SUDAH delapan hari kapal besar berbendera Cina itu, MV Mandarin Sea, melego jangkar di perairan dekat Kalimantan Tengah—sekitar 15 mil dari Pelabuhan Kumai, Pangkalan Bun. Hal itu membuat Yang Lan Shun, nahkoda kapal tersebut, kesal dan mengomel panjang-pendek. Ada apa? Selama delapan hari itu dia menanti dengan sia-sia dokumen-dokumen resmi agar bisa membongkar sauh dan segera berlayar. Tapi surat-surat itu tak kunjung diantarkan kepadanya.

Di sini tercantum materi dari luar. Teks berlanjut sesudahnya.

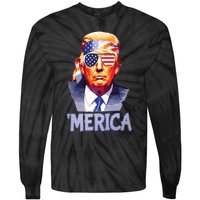 Trump Merica Donald Trump Funny 4th Of July Merica Tie-Dye Long Sleeve Shirt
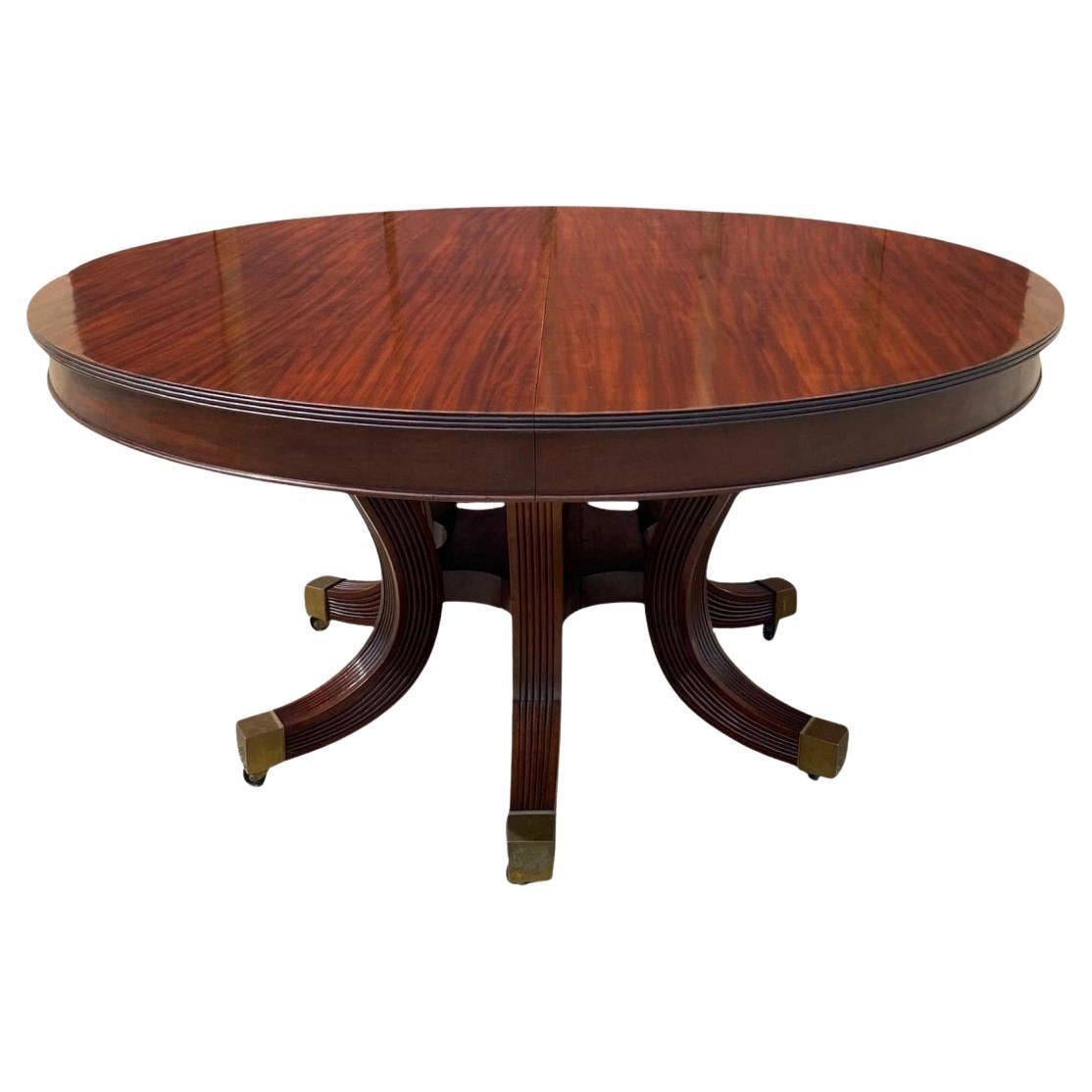 Antique English Regency Round Mahogany Extension Dining Banquet Table w 6 Leaves For Sale
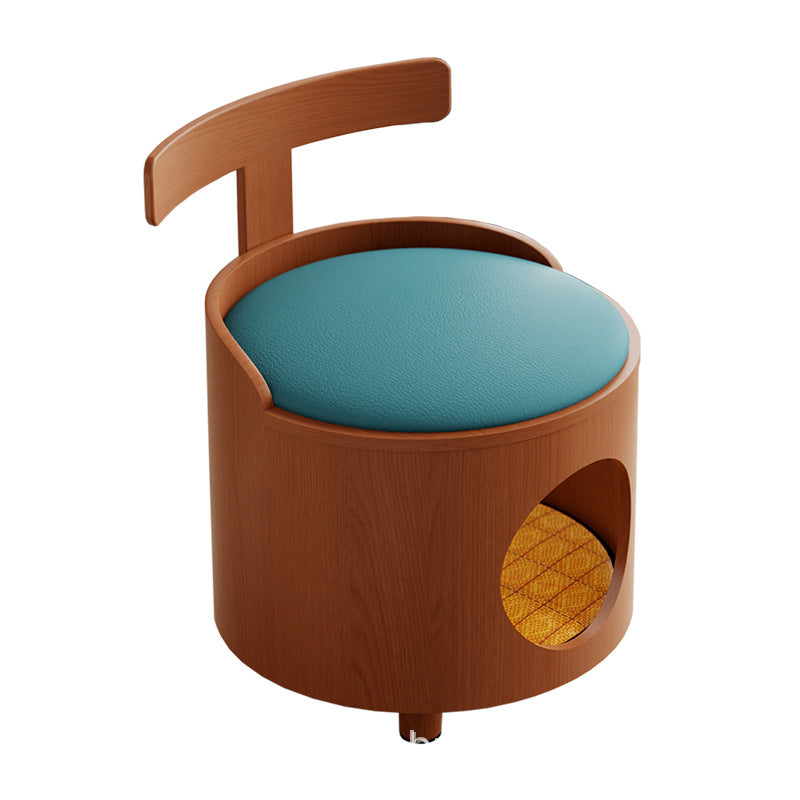 Contemporary Scandinavian Round Solid Wood Multi-Layer Board Faux Leather Sponge Cat Bed Low Stool Backrest Armless For Living Room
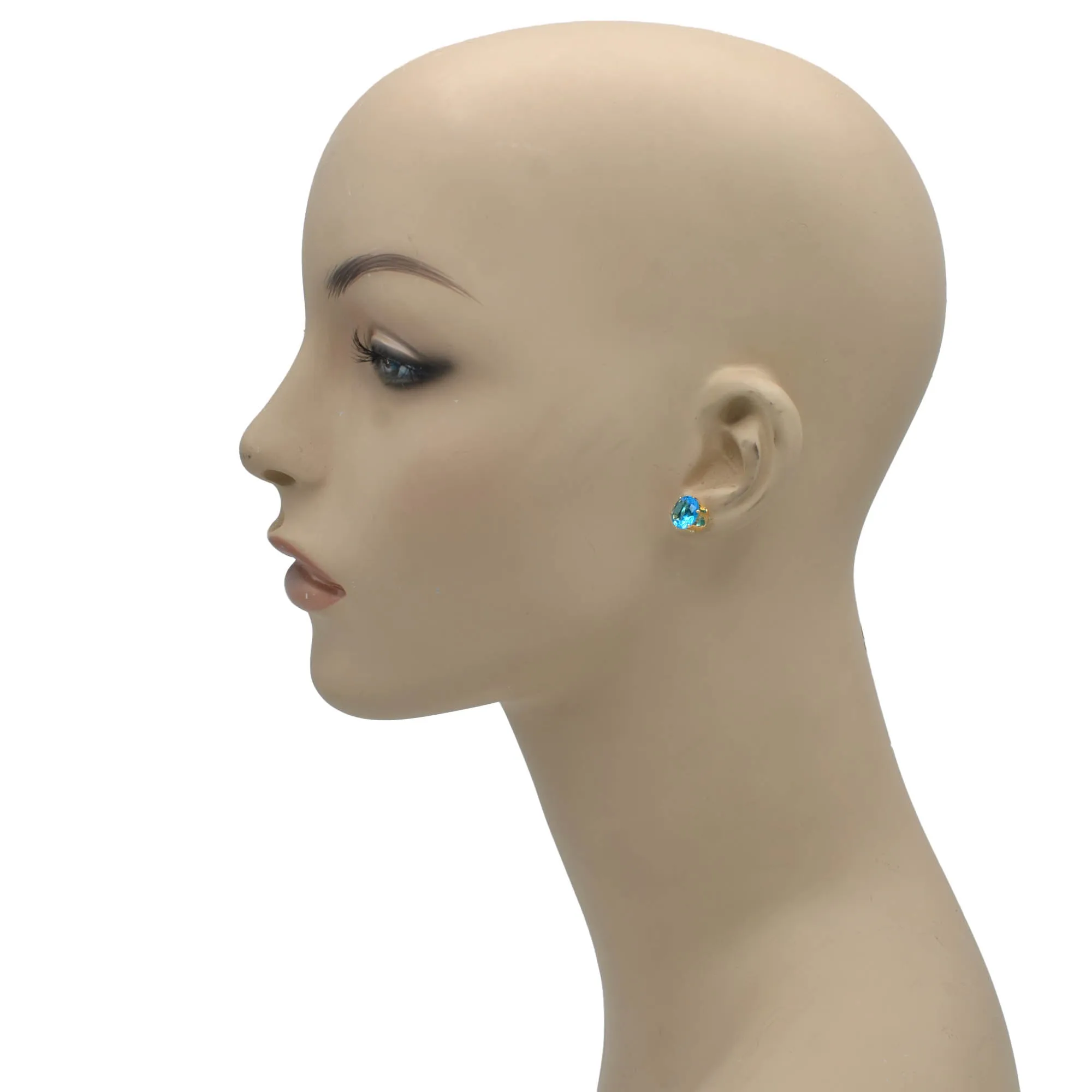 GOLD AQUA CRYSTAL 3 PAIR SET GRADUATED STUD EARRINGS #HNE86567GDAQ(SC6)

Padahal sekitar 10 ribu meter kubik kayu meranti gelondongan sudah dimuat ke kapal. Dua kapal lain yang berlabuh tak jauh dari Mandarin Sea, MV Rong Cheng, dan Fonwa Star, bernasib sama. Penyewa kapal-kapal tersebut adalah PT Barim Bahari Sentosa dan Tri Sukses Wanatama. Sedangkan yang mengageni mereka di Indonesia adalah PT Lingga Marintama, salah satu anak perusahaan Tanjung Lingga Group, milik Abdul Rasyid. Hari demi hari lewat, surat-surat pendukung muatan tak kunjung tiba. Akhirnya, Lan Shun memilih mogok berlayar karena takut tertangkap. Firasat kapten kapal asal Cina itu tidak meleset.

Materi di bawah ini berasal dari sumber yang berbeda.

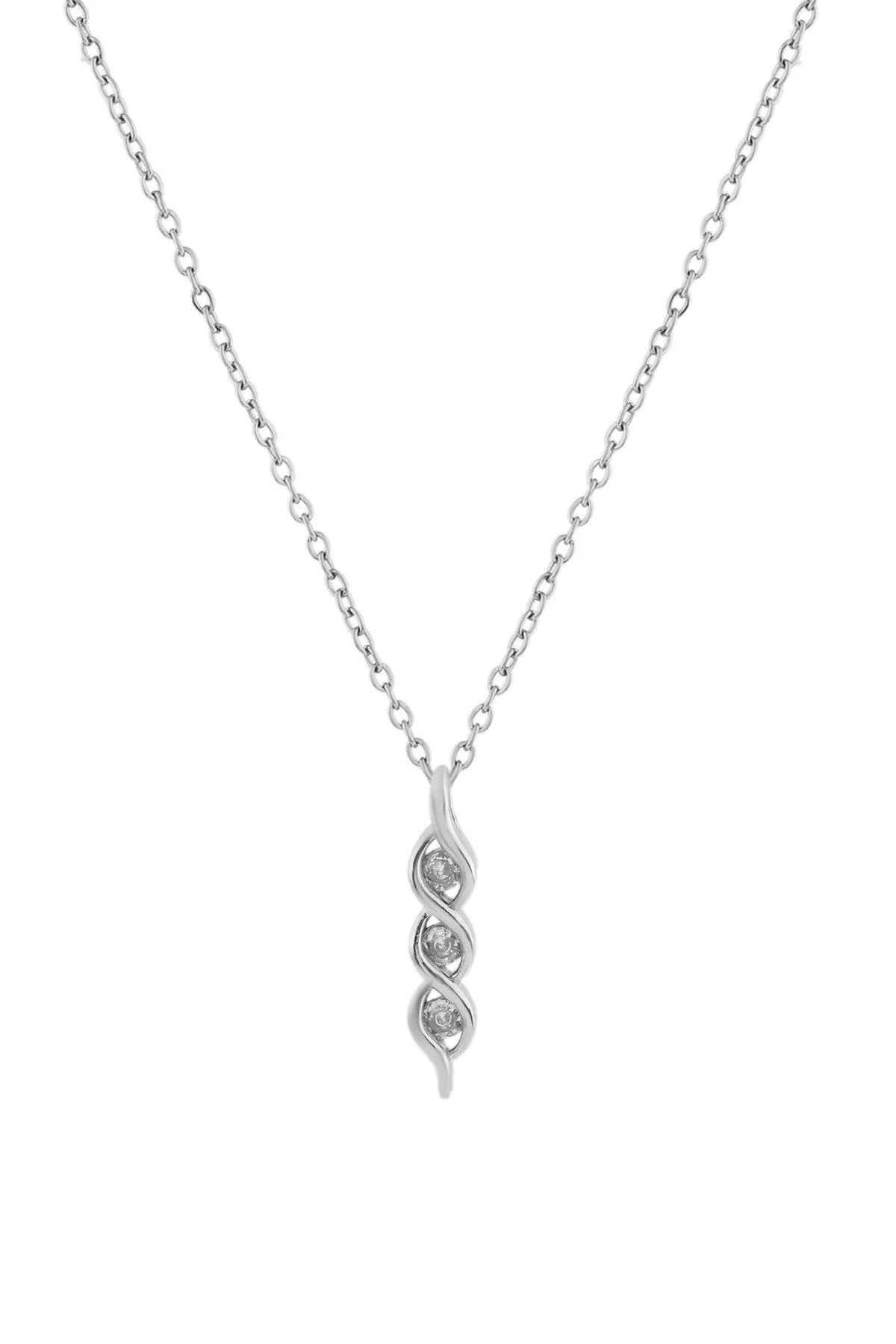 Üçlü Sarmal Zirkon Kolye SILVER 45 cm Fiyatı, Yorumları ve Özellikleri
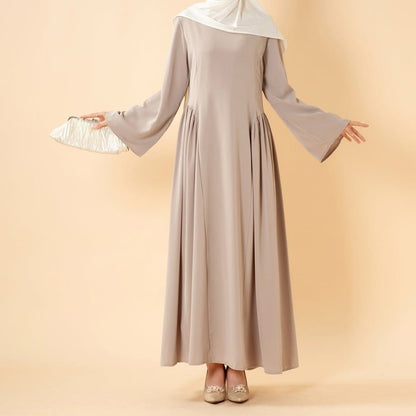 Nida Flared Maxi Dress with Pleated A-Line Skirt & Wide Bell Sleeves(MS435) - A-1 Thread Vault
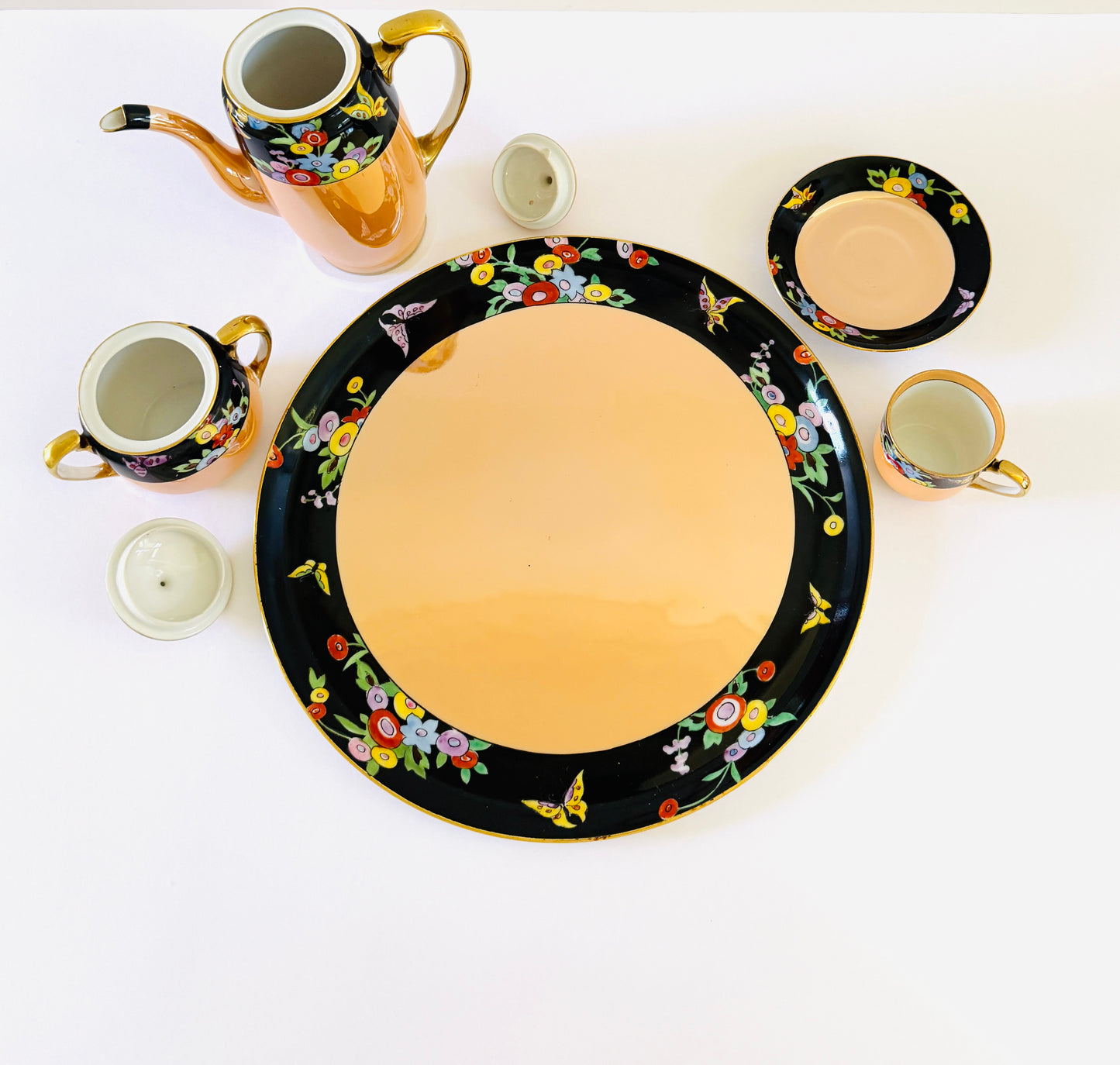 Noritake M Vintage Lusterware  Floral Butterfly 7 Pieces Coffee Set Made In Japan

Sekitar pukul dua pagi, 9 November 2001, Lan Shun dibangunkan dari tidurnya dengan paksa di kabinnya. Di hadapannya berdiri beberapa tentara angkatan laut lengkap dengan senjata. Para prajurit itu berasal dari kapal perang KRI Pandrong dari kesatuan Armada Timur yang berpangkalan di Surabaya. Mereka menyergap ketika kapal Cina tersebut dengan alasan mengangkut dan menguasai kayu tanpa dokumen yang sah.
Tanpa melawan, ketiga kapten kapal itu masuk ke dalam giringan KRI Pandrong menuju Pelabuhan Tanjung Priok, Jakarta. Tentara angkatan laut itu menahan barang bukti berupa kayu meranti 25 ribu meter kubik. Juru taksir yang diminta menilai isi kapal-kapal itu menyebut angka Rp 50 miliar.
Dari dokumen fixture note--perjanjian carter-mencarter kapal—yang diperoleh tim investigasi TEMPO, tercantumlah data-data berikut. Ketiga kapal itu dicarter dengan harga US$ 4.000 (setara dengan Rp 36 juta) per kapal per hari. Order itu datang dari Bintang Perkasa Utama untuk mengangkut kayu. Dokumen itu juga menyebutkan pelabuhan tujuan dari ketiga kapal itu adalah Palembang dan Pontianak. Tapi ketiganya diperkirakan menuju Cina. Buktinya, salah satu kapal yang berhasil lolos, MV Sea Utility, kabur ke Cina.
Dalam pengusutan kasus ini, polisi menetapkan Rahmat Nasution sebagai tersangka utama. Siapakah Rahmat? Jabatan resminya adalah Direktur PT Bintang Perkasa. Sumber TEMPO mengatakan, dia sengaja pasang badan untuk menyelamatkan keluarga besar Abdul Rasyid. Lo, hubungannya apa? Dalam dokumen pemeriksaan polisi yang sampai ke tangan TEMPO, tercatat nama Agustiar, keponakan Abdul Rasyid—tepatnya kakak kandung Sugianto—adalah komisaris Bintang Perkasa Utama. Sehari-hari Agustiar juga aktif di bidang politik sebagai Ketua Dewan Pimpinan Cabang PDIP Kabupaten Kotawaringin Barat, Kalimantan Tengah. Sugianto sendiri tidak membantah bahwa perusahaan kayu tersebut milik kakaknya.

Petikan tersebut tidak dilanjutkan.